-- Extracted records follows --

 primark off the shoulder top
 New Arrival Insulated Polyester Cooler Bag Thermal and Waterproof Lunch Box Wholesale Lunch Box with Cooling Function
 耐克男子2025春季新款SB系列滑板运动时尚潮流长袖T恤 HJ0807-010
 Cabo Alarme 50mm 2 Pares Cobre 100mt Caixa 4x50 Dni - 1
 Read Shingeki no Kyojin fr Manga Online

-- Extracted records concluded --
-- Extracted records follows --

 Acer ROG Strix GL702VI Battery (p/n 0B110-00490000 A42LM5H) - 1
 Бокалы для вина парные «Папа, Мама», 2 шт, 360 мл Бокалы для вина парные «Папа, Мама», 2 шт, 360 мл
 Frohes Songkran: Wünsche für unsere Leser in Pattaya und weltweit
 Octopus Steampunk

-- Extracted records concluded --
-- Extracted records follows --

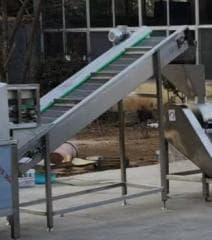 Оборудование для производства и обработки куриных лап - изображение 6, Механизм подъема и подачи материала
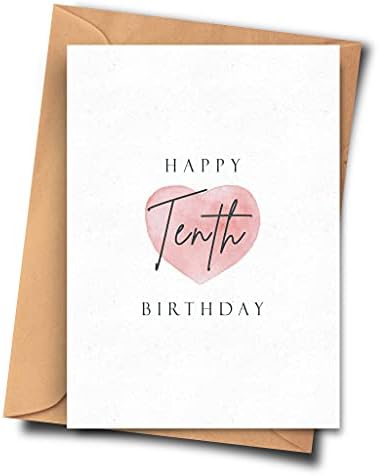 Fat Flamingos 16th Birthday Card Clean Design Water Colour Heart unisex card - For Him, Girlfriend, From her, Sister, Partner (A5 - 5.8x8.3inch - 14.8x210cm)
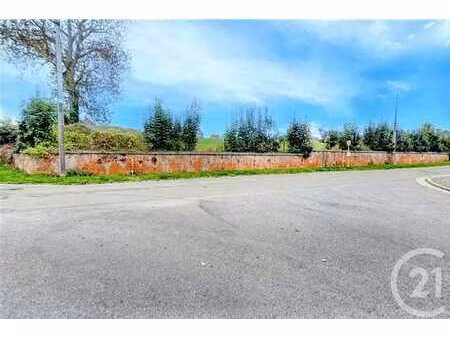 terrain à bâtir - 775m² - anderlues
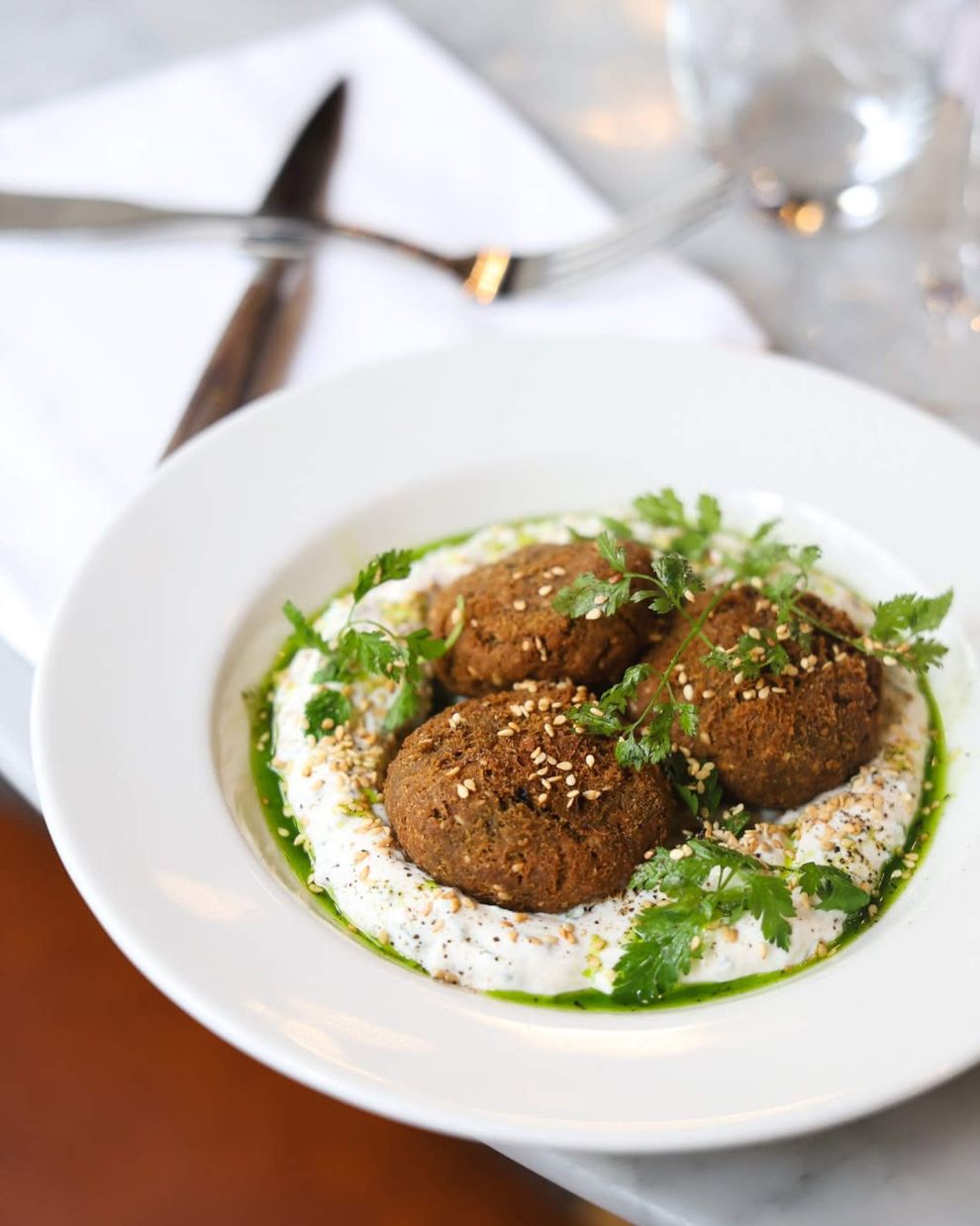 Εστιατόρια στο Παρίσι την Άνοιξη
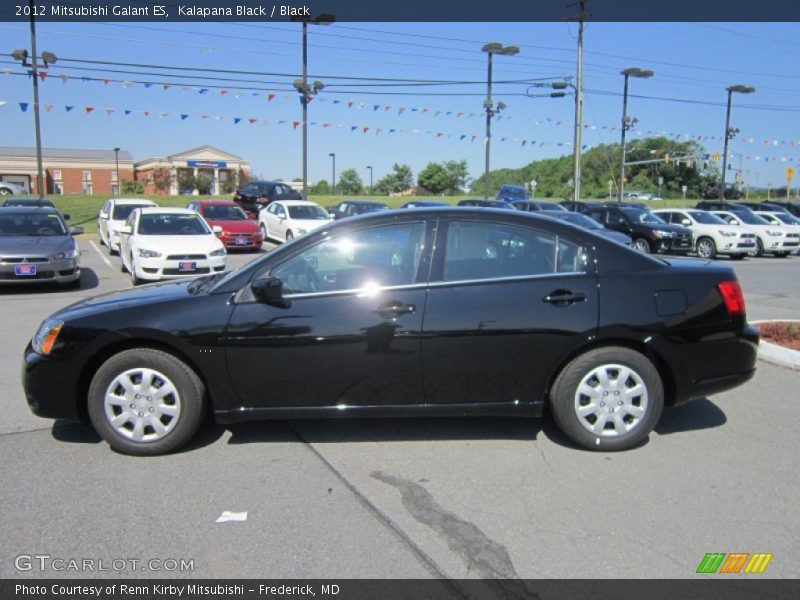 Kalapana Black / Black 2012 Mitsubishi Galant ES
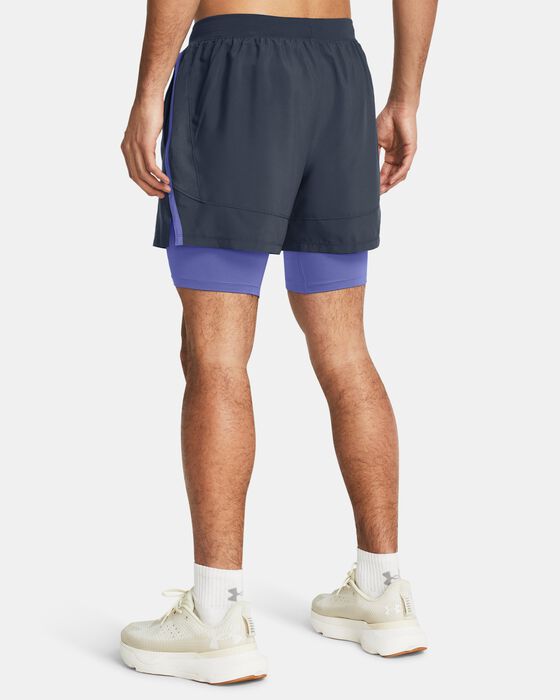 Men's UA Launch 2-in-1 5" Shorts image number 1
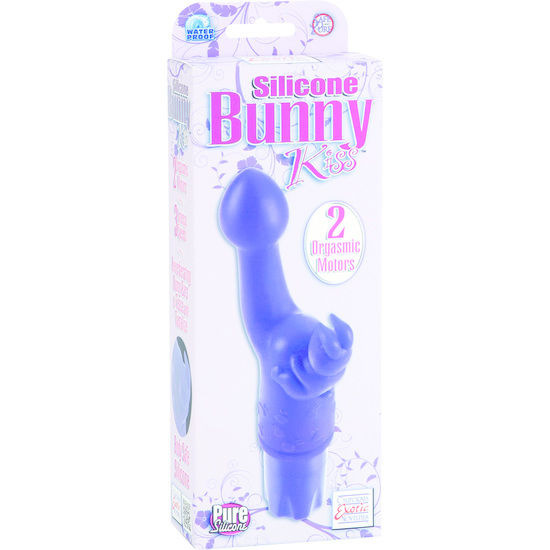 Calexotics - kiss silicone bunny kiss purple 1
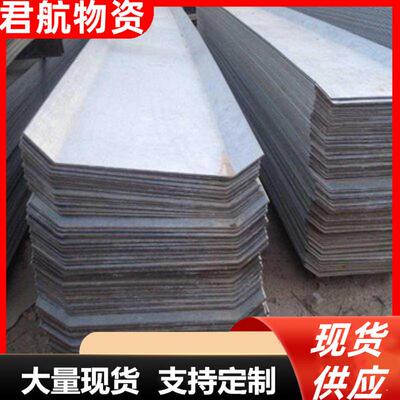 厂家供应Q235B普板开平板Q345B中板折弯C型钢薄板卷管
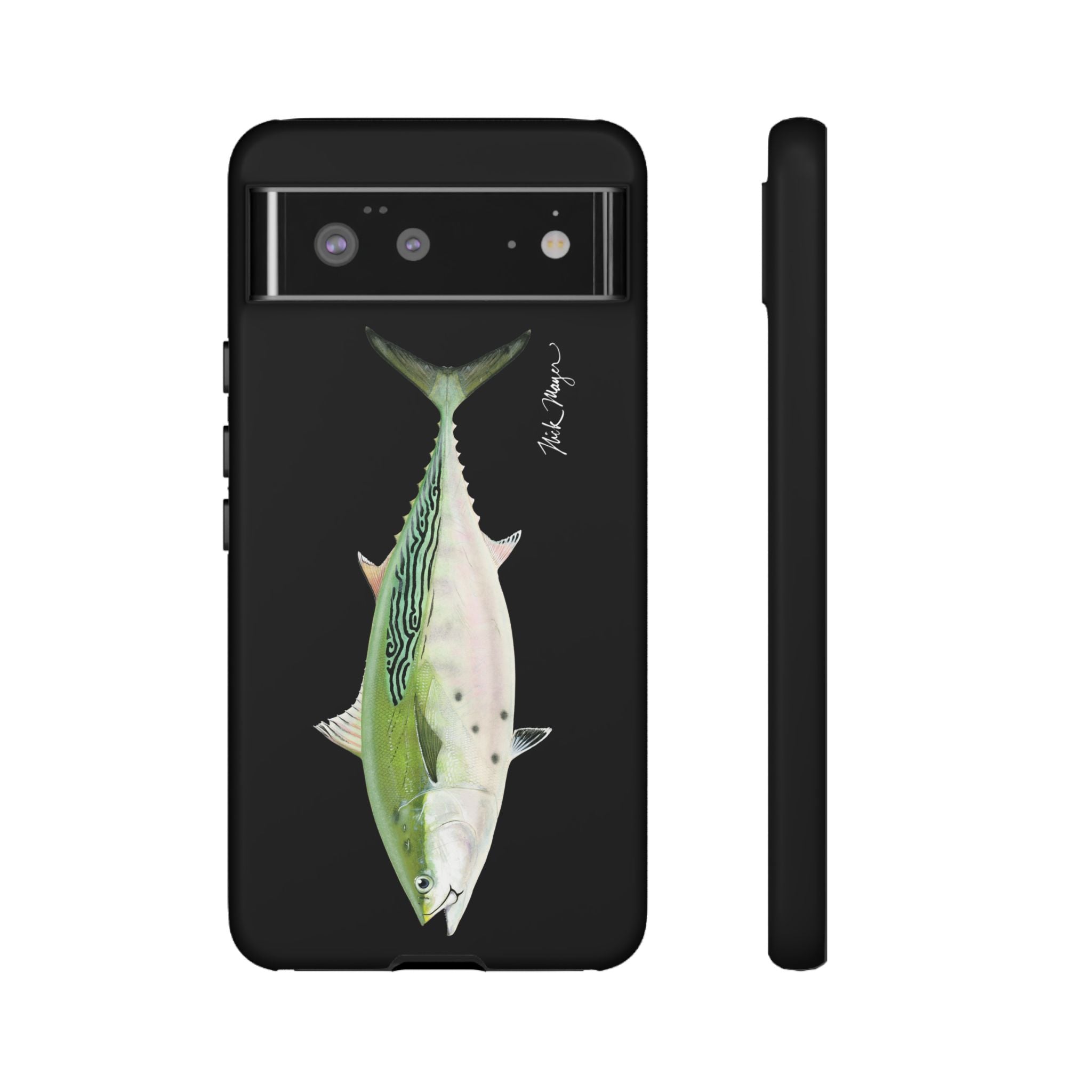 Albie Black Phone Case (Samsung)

-- Extracted records concluded --

— Task brief —
Take the lines above from the one containing "360 мл Бокалы" to the one containing "Octopus Steampunk" and retype them exactly, both ends included, with nothing added.

— Task result —
 Бокалы для вина парные «Папа, Мама», 2 шт, 360 мл Бокалы для вина парные «Папа, Мама», 2 шт, 360 мл
 Frohes Songkran: Wünsche für unsere Leser in Pattaya und weltweit
 Octopus Steampunk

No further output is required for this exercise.